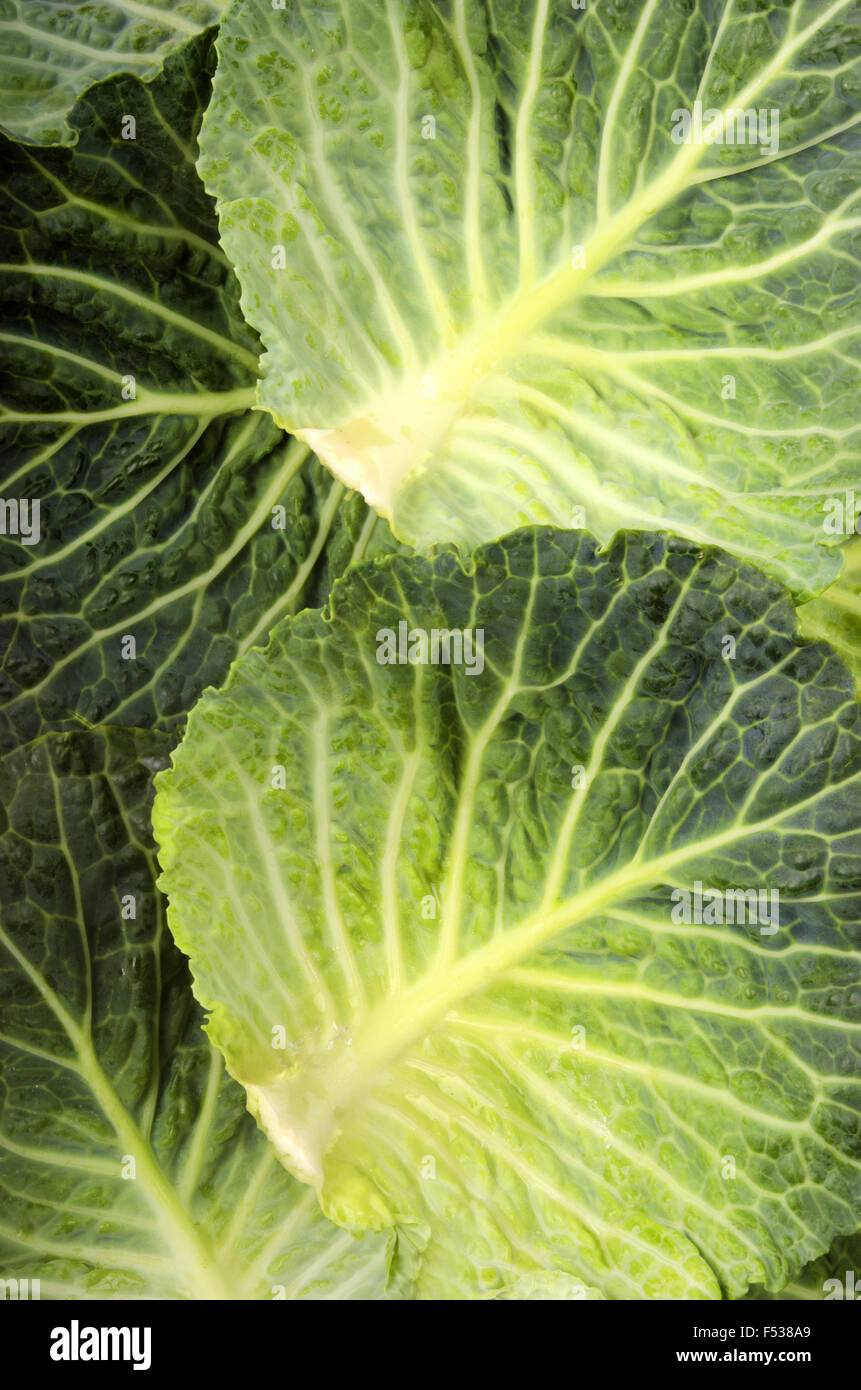 fresh cabbage leaves as a texture Stock Photo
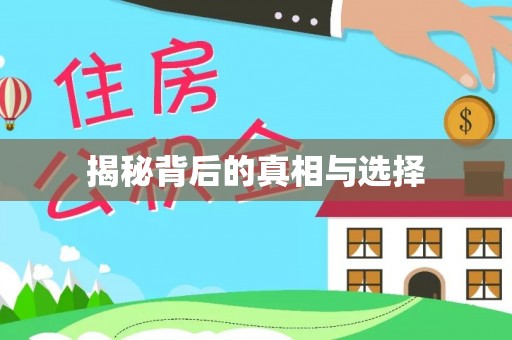 辰溪揭秘背后的真相与选择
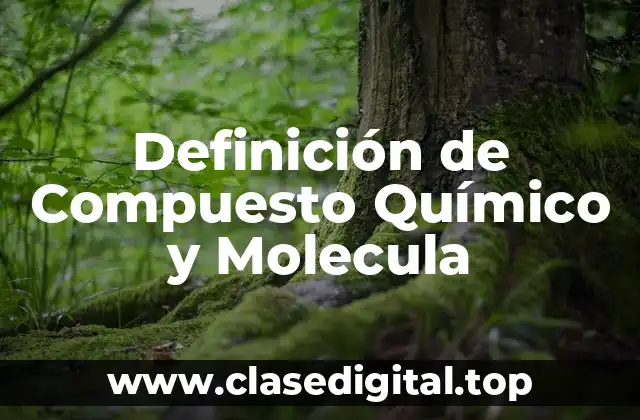 Definición de Compuesto Químico y Molecula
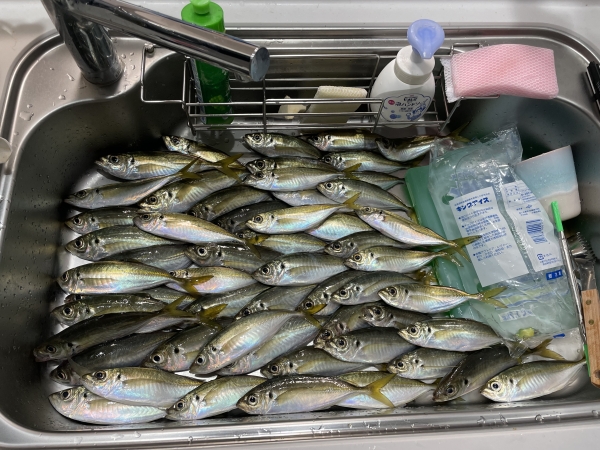 アジ釣りに行ってきました！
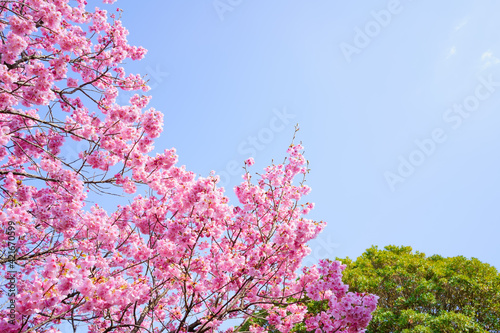 陽光桜 青空背景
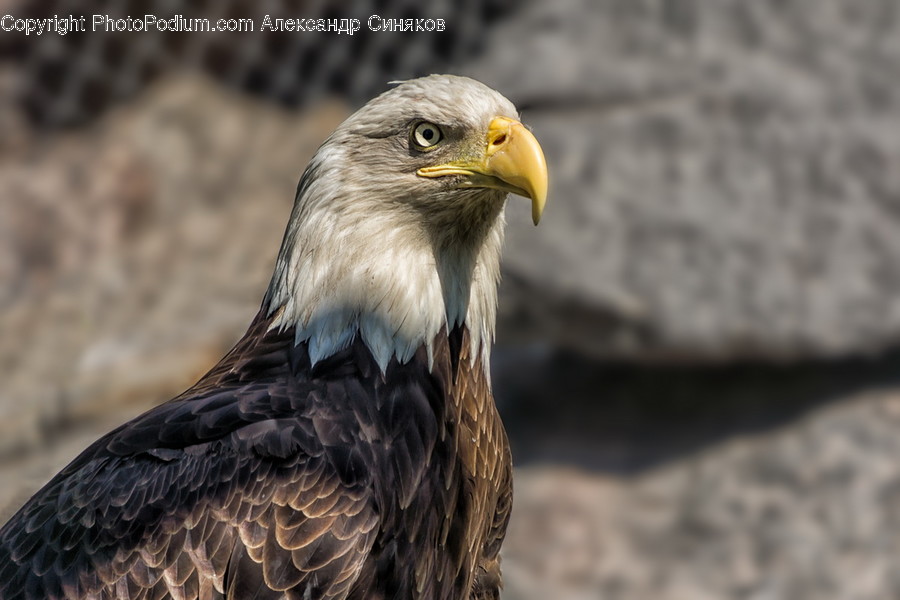 Animal, Bird, Eagle, Bald Eagle, Beak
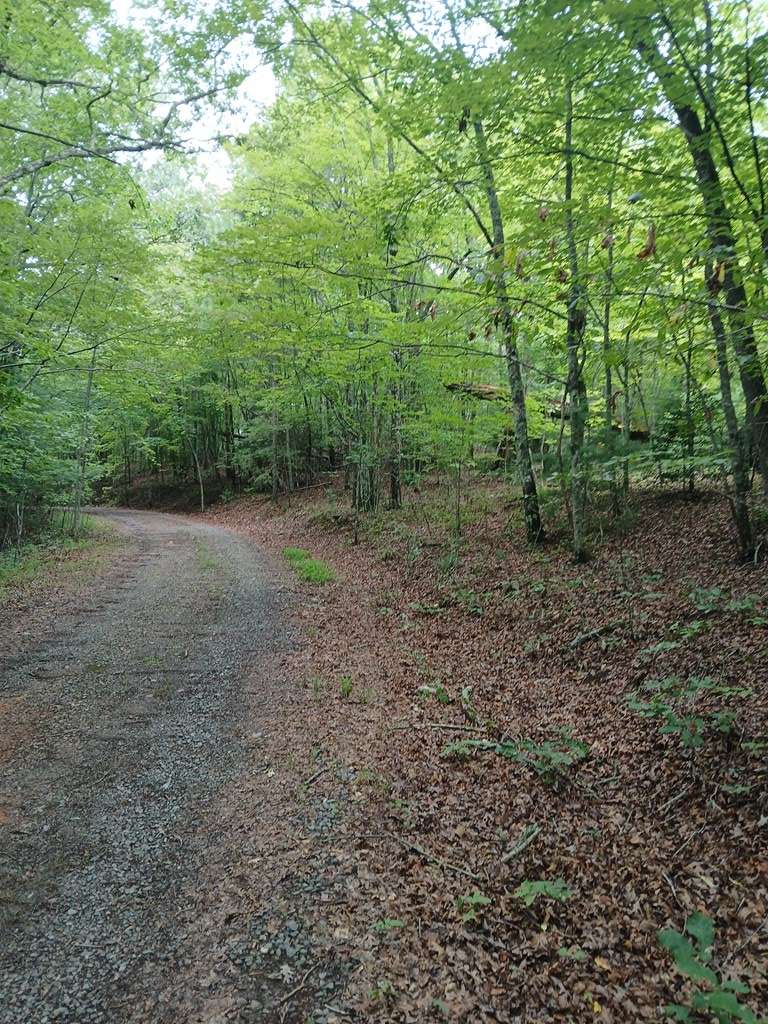 Mineral Bluff, GA 30559,0 Brook Lane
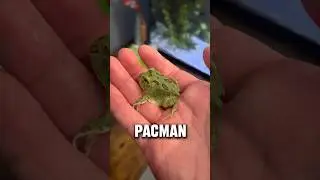This Frog Eats Mice&hellip;..
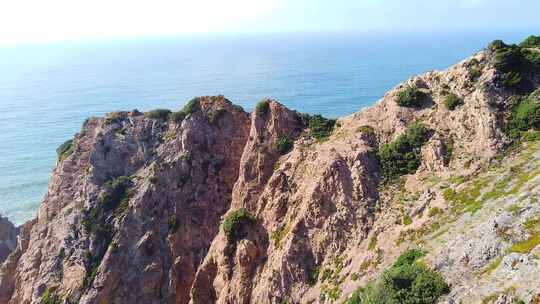 海洋自然海滩徒步旅行者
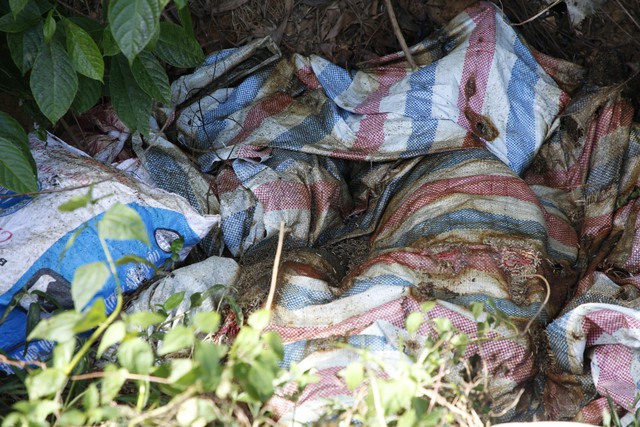 Lợn chết bị vứt bừa bãi ra đồng: Sở NN-PTNT tỉnh Quảng Bình vào cuộc- Ảnh 1.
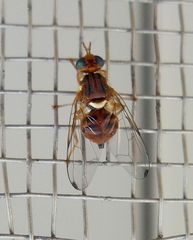 Bactrocera oleae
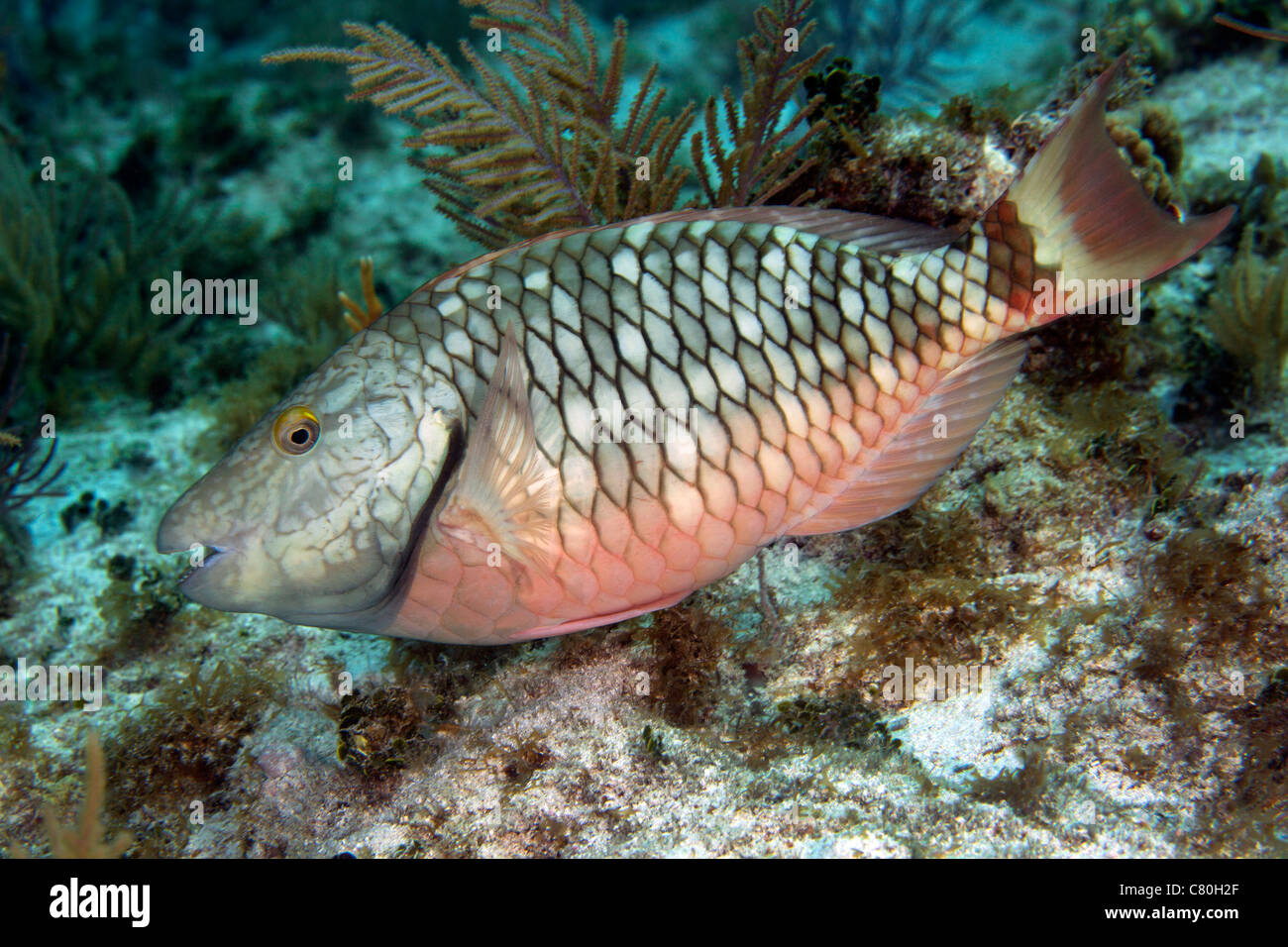 Stoplight Papageienfisch (Sparisoma Viride) Fütterung aus dem Korallenriff im Atlantischen Ozean vor der Küste Key Largo, Florida. Stockfoto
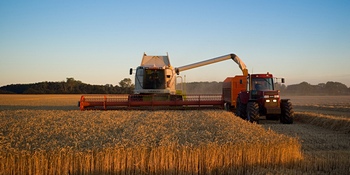 Wheat-harvest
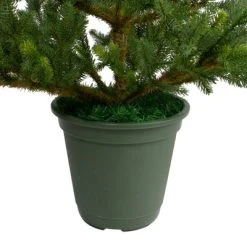 Northlight 6' Unlit Artificial Christmas Tree Potted Noble Pine 9 Northlight 6' Unlit Artificial Christmas Tree Potted Noble Pine -Northlight Christmas Store GUEST 71a5685d 169c 4706 b1aa 17b317f9a63d 1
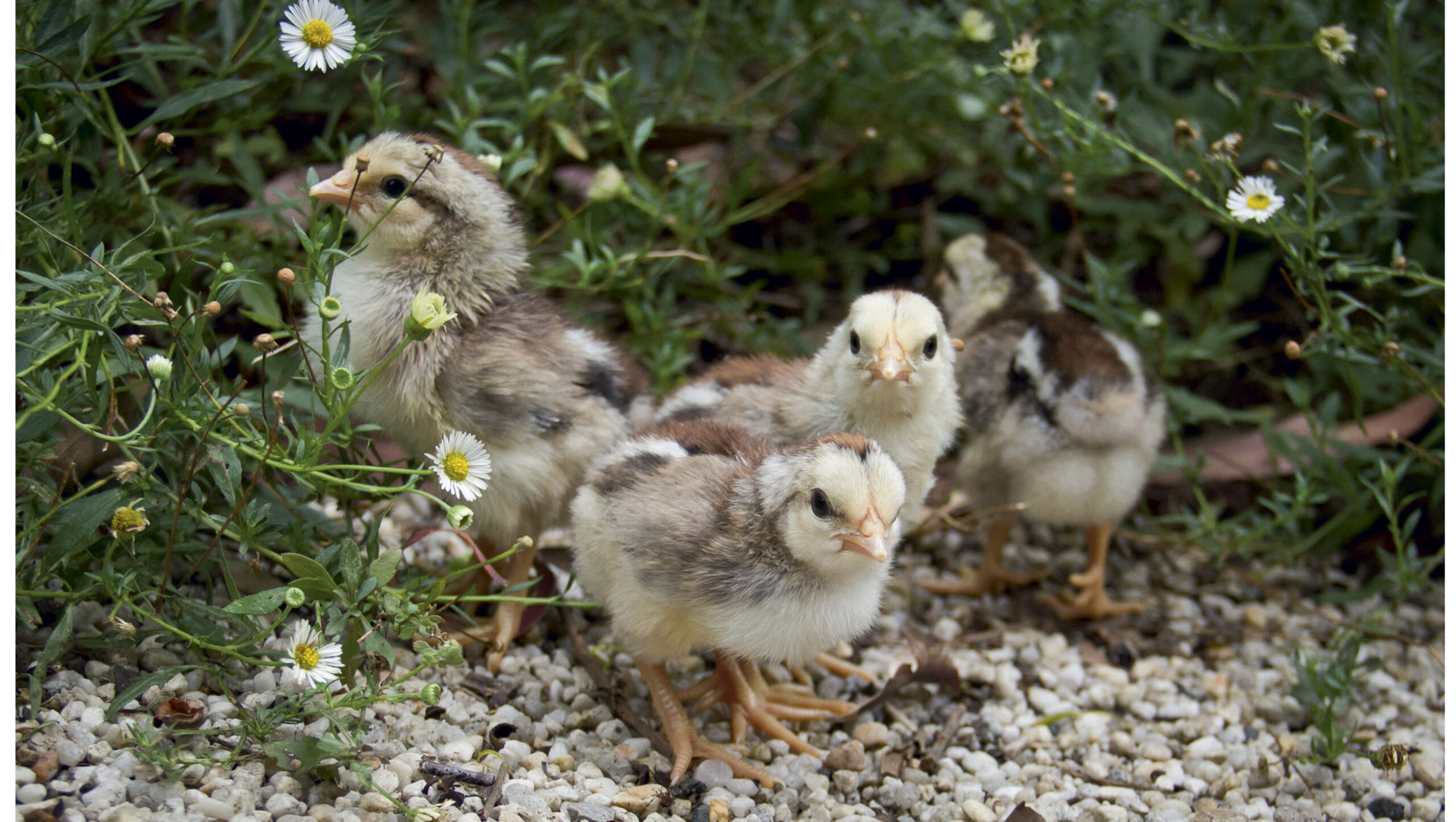 Rustic Chick Raising chicks naturally - ABC Organic Gardener Magazine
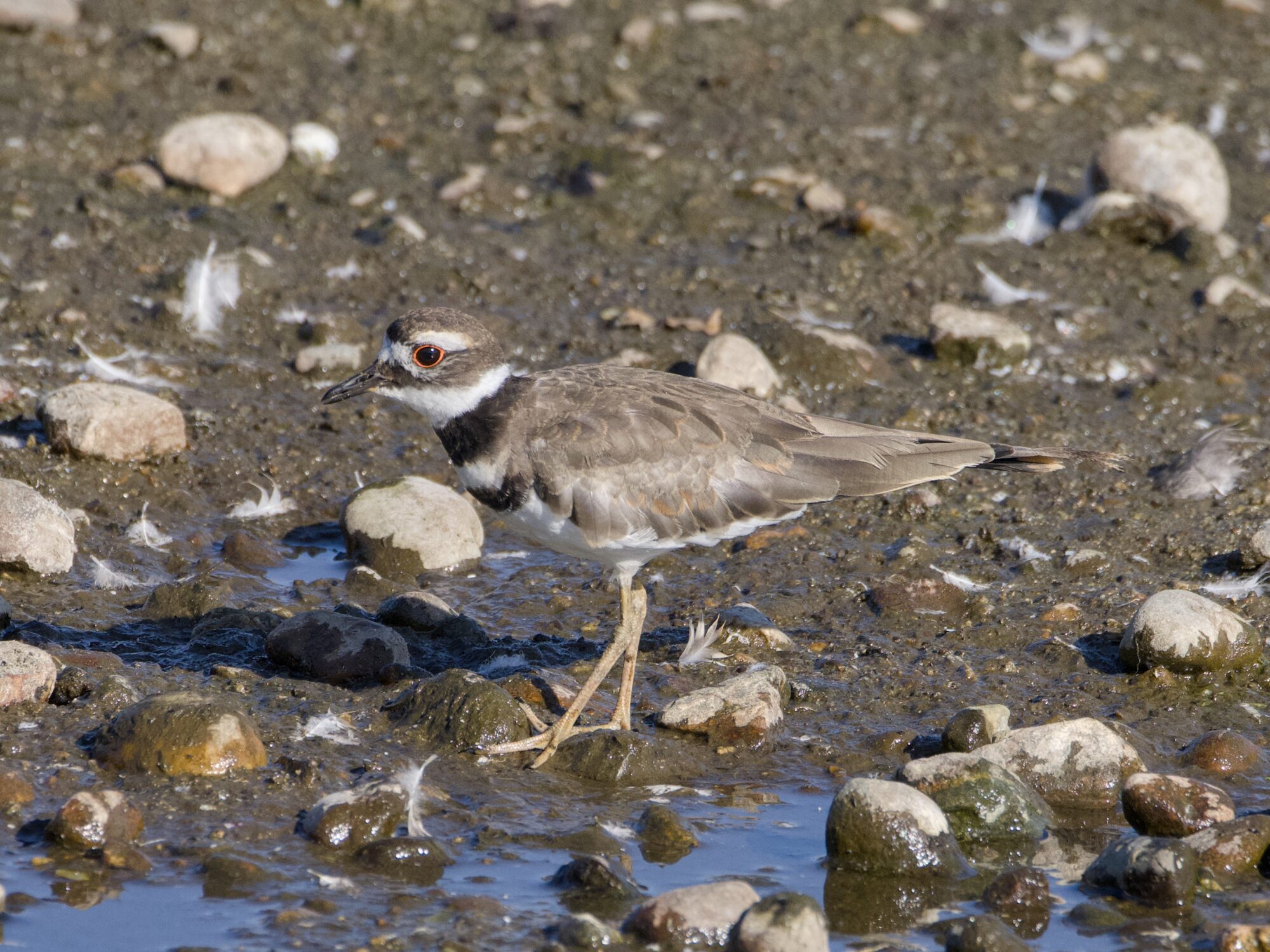 A Killdeer walking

-*-

WORK TO BE COMPLETED:
With the images removed, write out all of the material above exactly.

RESPONSE FOR THIS EXERCISE:
 fresh cabbage leaves as a texture Stock Photo
 辰溪揭秘背后的真相与选择
 Definición de Compuesto Químico y Molecula
 アジ釣りに行ってきました！
 陽光桜 青空背景
 Animal, Bird, Eagle, Bald Eagle, Beak
 Mineral Bluff, GA 30559,0 Brook Lane
This Frog Eats Mice&hellip;..
 海洋自然海滩徒步旅行者
 Lợn chết bị vứt bừa bãi ra đồng: Sở NN-PTNT tỉnh Quảng Bình vào cuộc- Ảnh 1.
 Bactrocera oleae
 Stoplight Papageienfisch (Sparisoma Viride) Fütterung aus dem Korallenriff im Atlantischen Ozean vor der Küste Key Largo, Florida. Stockfoto
 Wheat-harvest
 Northlight 6' Unlit Artificial Christmas Tree Potted Noble Pine 9 Northlight 6' Unlit Artificial Christmas Tree Potted Noble Pine -Northlight Christmas Store GUEST 71a5685d 169c 4706 b1aa 17b317f9a63d 1
 Rustic Chick Raising chicks naturally - ABC Organic Gardener Magazine
 A Killdeer walking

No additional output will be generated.